## What you need to do
Reproduce each line, exactly, from the one containing "Dry dill flowers" through the end of the material. Exclude pictures.

#### Dataset records

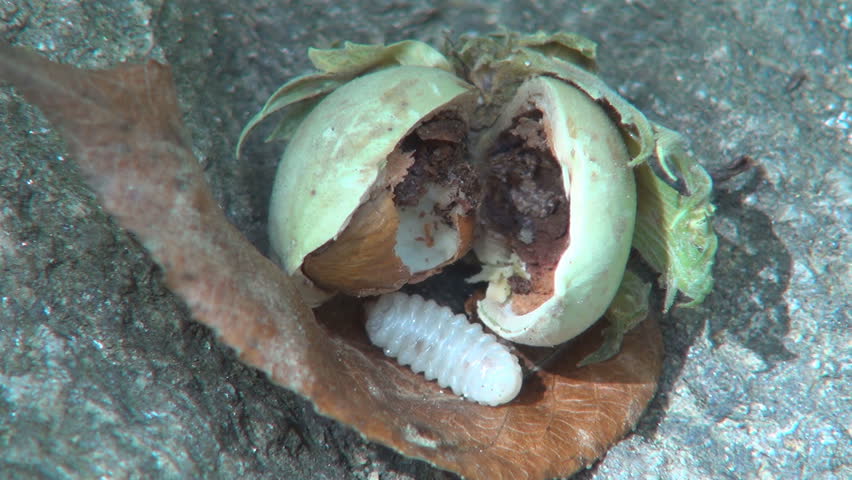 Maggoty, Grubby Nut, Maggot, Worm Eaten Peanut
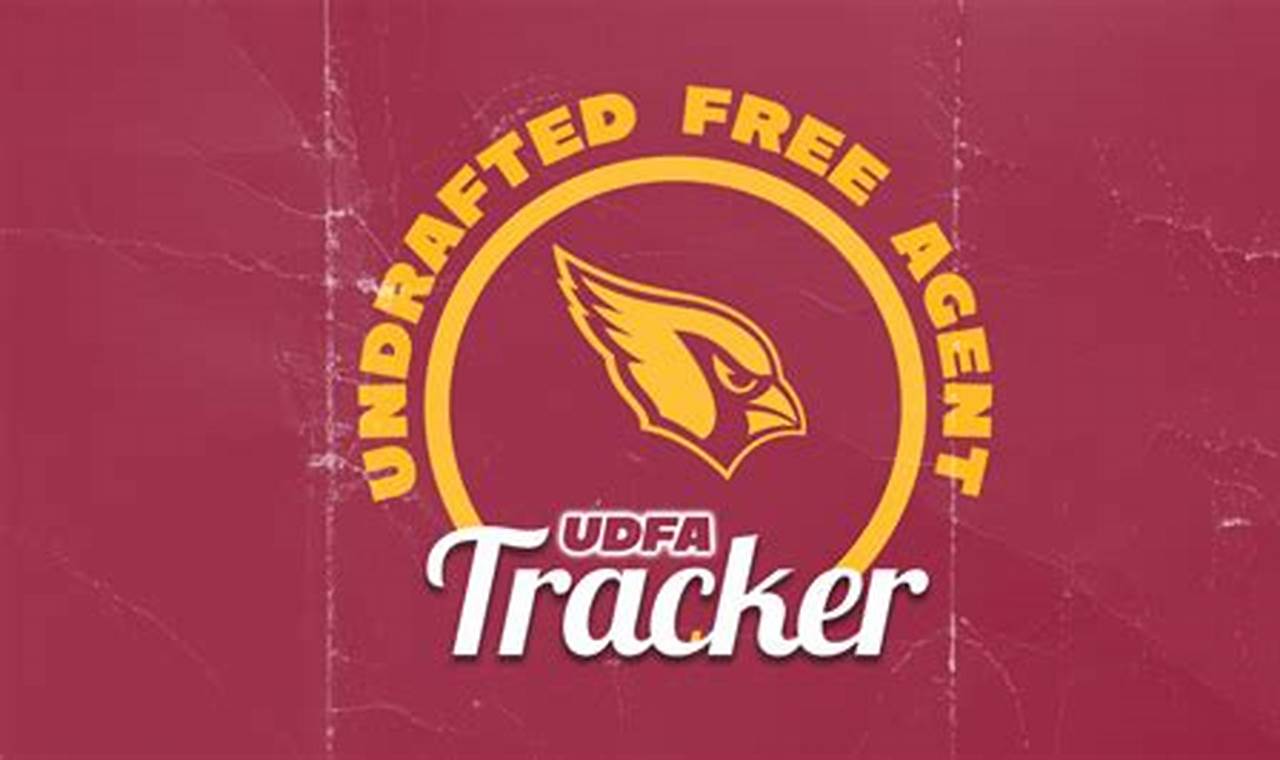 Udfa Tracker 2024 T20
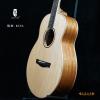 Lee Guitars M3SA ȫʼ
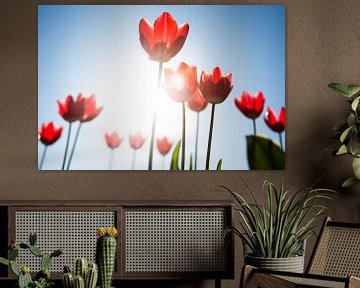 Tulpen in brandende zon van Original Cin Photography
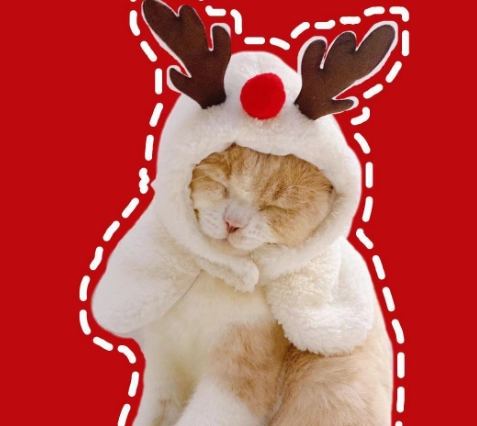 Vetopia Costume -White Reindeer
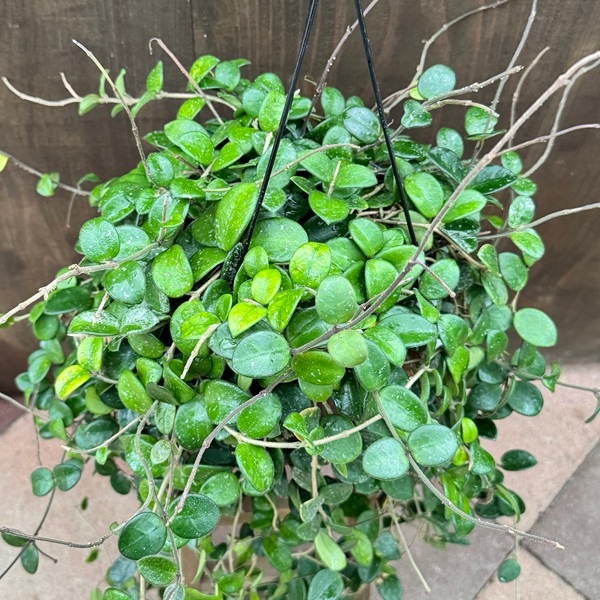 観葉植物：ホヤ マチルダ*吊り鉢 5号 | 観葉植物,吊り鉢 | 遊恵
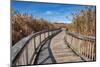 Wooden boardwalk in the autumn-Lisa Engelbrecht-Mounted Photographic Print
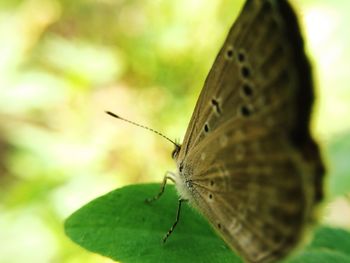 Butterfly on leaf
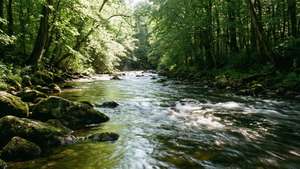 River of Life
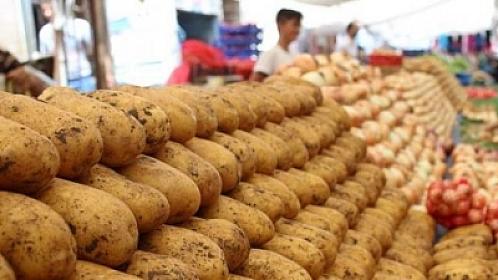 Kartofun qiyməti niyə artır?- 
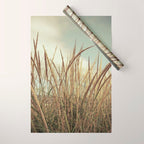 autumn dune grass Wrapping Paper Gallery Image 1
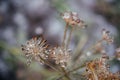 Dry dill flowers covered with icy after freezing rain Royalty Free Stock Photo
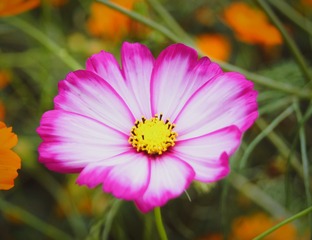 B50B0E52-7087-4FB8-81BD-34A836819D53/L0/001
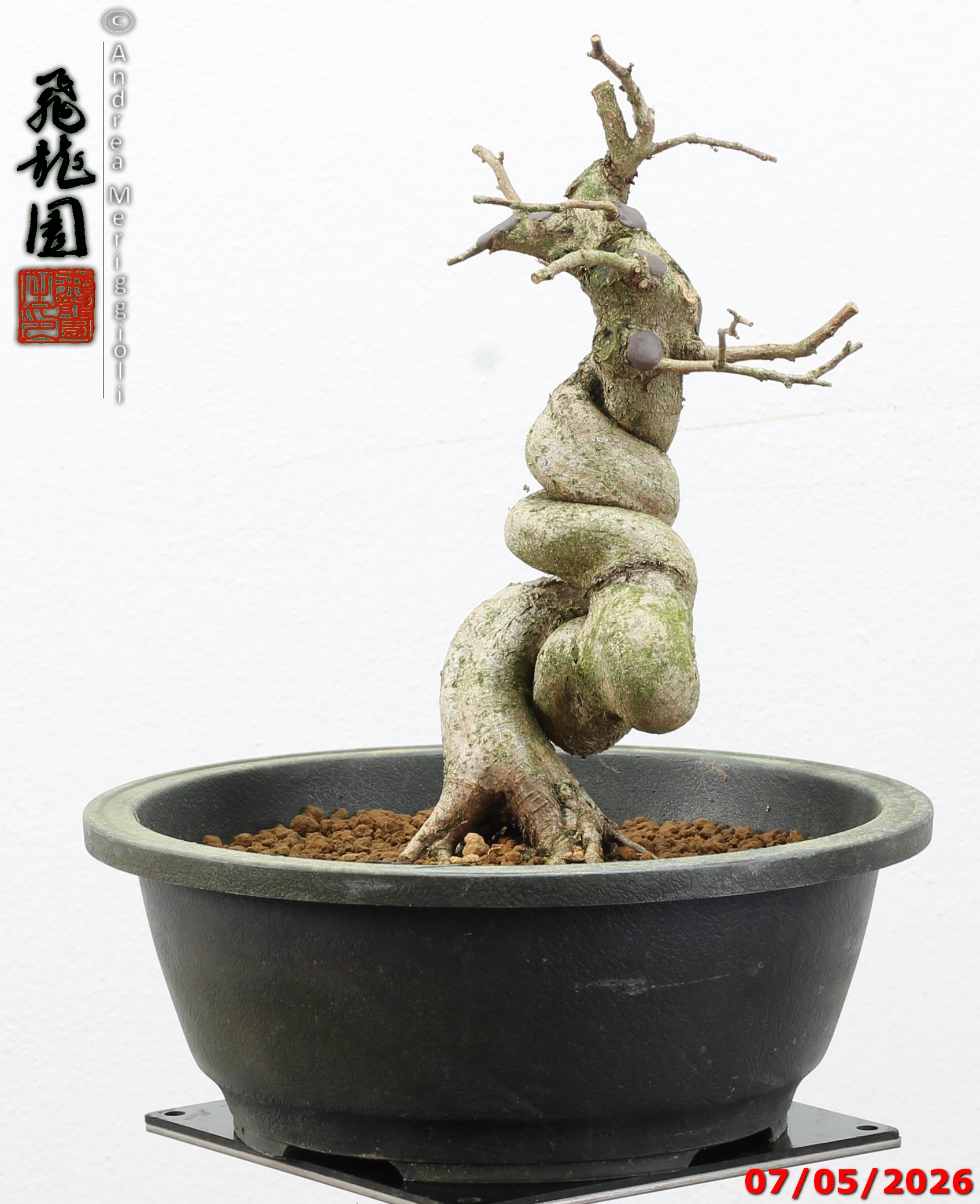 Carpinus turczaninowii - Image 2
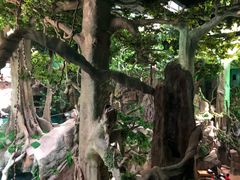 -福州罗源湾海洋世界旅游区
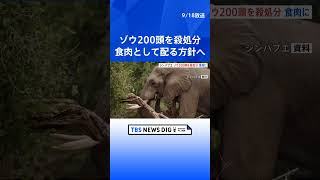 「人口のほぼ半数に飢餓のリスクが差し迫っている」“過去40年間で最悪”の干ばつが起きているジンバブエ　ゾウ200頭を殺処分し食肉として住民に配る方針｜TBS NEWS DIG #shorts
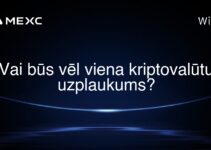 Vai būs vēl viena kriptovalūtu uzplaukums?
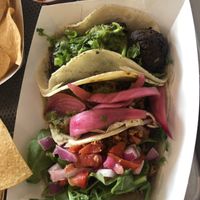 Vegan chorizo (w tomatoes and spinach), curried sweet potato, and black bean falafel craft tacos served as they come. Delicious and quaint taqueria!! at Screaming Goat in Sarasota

########

## Response to this exercise
 Dry dill flowers covered with icy after freezing rain Royalty Free Stock Photo
 B50B0E52-7087-4FB8-81BD-34A836819D53/L0/001
 Carpinus turczaninowii - Image 2
 -福州罗源湾海洋世界旅游区
 「人口のほぼ半数に飢餓のリスクが差し迫っている」“過去40年間で最悪”の干ばつが起きているジンバブエ　ゾウ200頭を殺処分し食肉として住民に配る方針｜TBS NEWS DIG #shorts
 Vai būs vēl viena kriptovalūtu uzplaukums?
 Vegan chorizo (w tomatoes and spinach), curried sweet potato, and black bean falafel craft tacos served as they come. Delicious and quaint taqueria!! at Screaming Goat in Sarasota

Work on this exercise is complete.